Das Interessante an solchen Aussagen ist, dass sie bislang kaum durch Studien gedeckt sind. Zwar ist es ein Grundaxiom der Ökonomie, dass offene Grenzen den Wohlstand fördern, weil das für eine effizientere Verwendung knapper Ressourcen sorgt. Nun hat Noah Smith aber auf Basis einer neuen Studie richtigerweise darauf hingewiesen, dass der freie Handel für bestimmte Gruppen auch mit dauerhaften und erheblichen Einkommensverlusten einhergehen kann.

Workers in these industries and regions don’t go on to better jobs, or even similar jobs in different industries. Instead, they shuffle from low-paid job to low-paid job, never recovering the prosperity they had before Chinese competition hit.

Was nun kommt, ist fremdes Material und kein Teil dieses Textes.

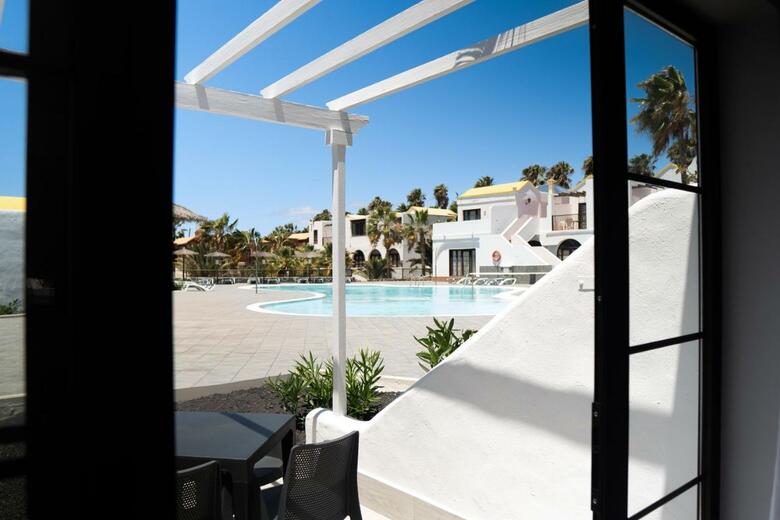 Apartamentos Fuerteventura Beach Club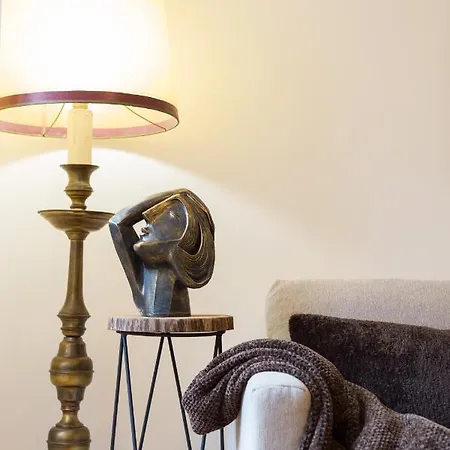 Apartamento Best Of - Traditional Piso In Lovely Neighborhood And Bbq Terrace *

Und was den europäischen Binnenmarkt angeht, so haben sich die euphorischen Studien der Kommission zu den Wohlstandseffekten als viel zu optimistisch herausgestellt. Jüngere Studien beziffern die positiven Auswirkungen auf die Wirtschaftsleistung auf rund 2 Prozent, die Kommission hatte in ihrem berühmten Cecchini-Bericht im Jahr 1988 noch 7 Prozent in Aussicht gestellt. Der wichtigste Treiber des Wohlstands ist das Wachstum der Produktivität – und das Grenzregime ist nur ein möglicher Einflussfaktor auf diese Größe.

Wer wie die Bundesregierung argumentiert, Europa verdanke seinen Wohlstand dem Binnenmarkt, der kann sich jedenfalls nicht auf Fakten berufen. In den fünfziger und sechziger Jahren wurde an den Grenzen noch streng kontrolliert, trotzdem war das für die gesamte westliche Welt eine Zeit mit hohen und stabilen Wachstumsraten.

Ist das ein Plädoyer dafür, die Grenzen zu schließen? Nein. Aber ein Plädoyer für eine ehrliche Debatte. Denn umgekehrt lässt sich ökonomisch auch nicht belegen, dass eine Schließung der Grenzen eine wirtschaftliche Katastrophe wäre – zumal es Möglichkeiten gibt, die Grenzen für Menschen zu schließen und Güter weiter vergleichsweise frei zirkulieren zu lassen. Unternehmen passen sich an und auch die Horrorszenarien über das Ende der Globalisierung und einen strukturellen Rückgang der Wachstumschancen nach dem 11. September haben sich nicht bewahrheitet.

Es gibt gute Gründe für offene Grenzen – gerade in Europa, wo die Rücknahme von Schengen neue Zweifel an der europäischen Integration aufkommen lassen würde. Doch wer offene Grenzen erhalten will, der muss seinen Standpunkt auch politisch untermauern und kann sich nur bedingt auf den ökonomischen Sachzwang berufen.